The UAE will have the highly-rated new fly half available when they kick off the Asian Five Nations against Hong Kong.
Fly-half Andy Russell's UAE debut has been a long time coming
DUBAI // The UAE will begin the Asian Five Nations tomorrow buoyed by the fact at least one of their highly-rated new fly-halves has been able to extricate himself from other commitments to play against Hong Kong.
Andy Russell missed much of the recent domestic season as Friday afternoon fixtures clash with the busy period for his day job as a cricket coach.
With an 8pm kick-off, however, the Jebel Ali Dragons playmaker has been able to absent himself from his duties at the ICC Global Cricket Academy in Dubai for the encounter with Asia's No 2 ranked side.
Russell's Five Nations debut has been a long time coming. He has been one of the outstanding players on the domestic circuit in the three-and-a-half years since he moved here from his native South Africa.

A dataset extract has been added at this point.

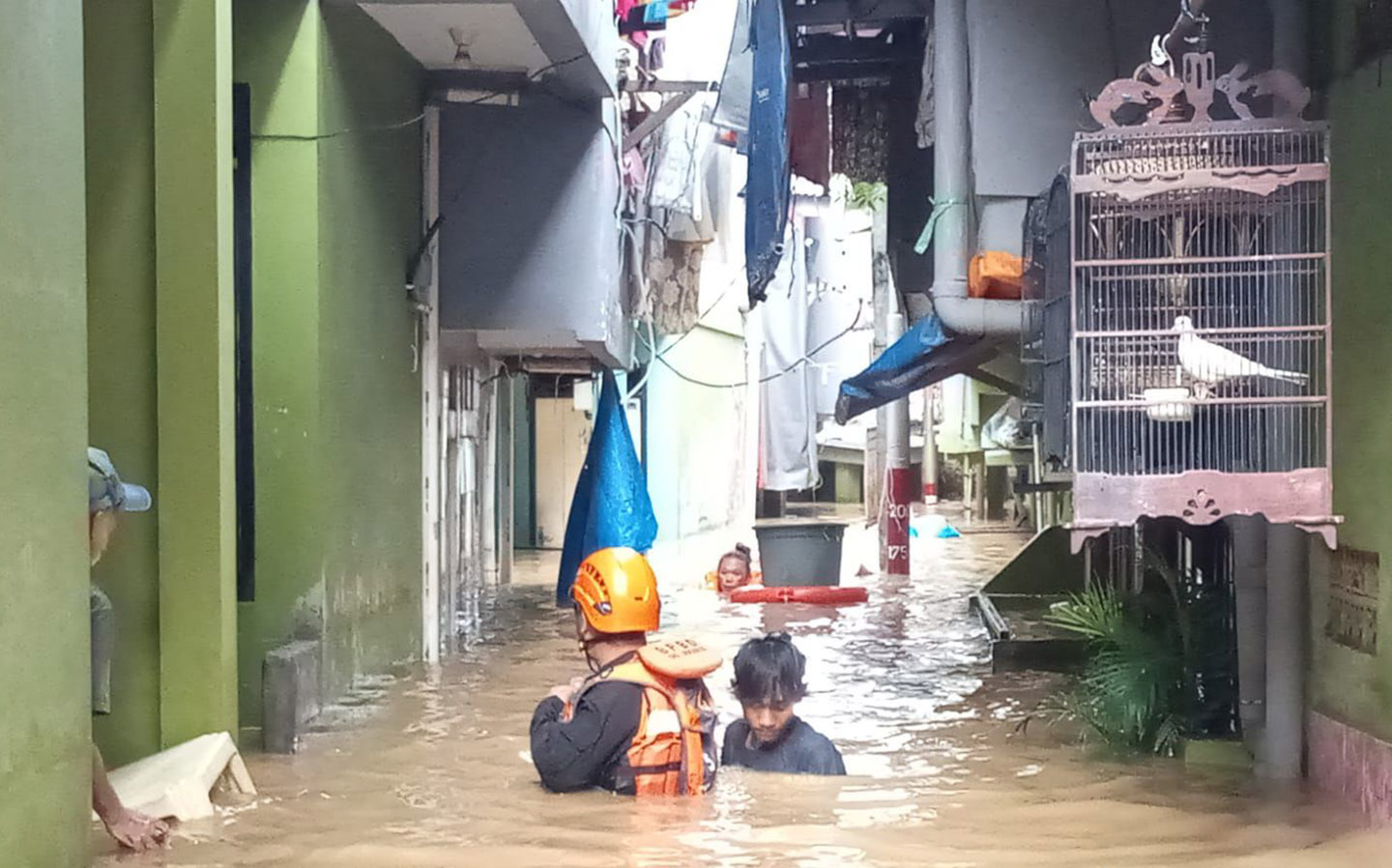 Banjir yang menggenangi kawasan permukiman di Jakarta.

Ironically, he would probably not have been granted the No 10 shirt for this fixture, though, as Murray Strang, the other newly-eligible fly-half of enviable pedigree, is unavailable for personal reasons.
The representative team have rarely known such strength in depth at fly-half. The crucial position has perennially been a problem without an answer, with players who would prefer to play almost anywhere else in the backline often being asked to fill the breach.
"Murray and Andy play very different games, but both are just quality rugby players who you would want to have in any team you were a part of," Alistair Thompson, the UAE captain, said.
"Andy brings a lot to the game. He has been working hard with the rest of the backline and hopefully that will come to fruition on Friday night."
With Patrick Hegarty providing the ammunition for Russell from scrum-half, the UAE are not short on firepower at the back.
They are a wholly different side from that which subsided to a landslide defeat to the same opposition in the Emirates Cup of Nations at the end of last year.
Given the substantial turnover of players since then, the new look national team has had to meld together quickly, by way of warm up matches against Tunisia and the Gulf Barbarians.
"It was important to put the players into real life competitive situations in the lead up to the Hong Kong match" Duncan Hall, the UAE coach, said.
"We are a different side now to what we were when we faced Tunisia [three weeks ago], and while we expect tough competition we intend to make [Hong Kong] work for it and take the game to them."
Leigh Jones, the Hong Kong senior coach, insists the two thrashings they meted out to the UAE in 2011 will be quickly forgotten tomorrow.
"We are very respectful and very mindful of the danger of being complacent in Dubai," he said.
"Really we are facing a new opponent and a very difficult one on a Friday night, which is a bit unusual for us in terms of Test match timings.
"But as a team we are looking forward to the challenge."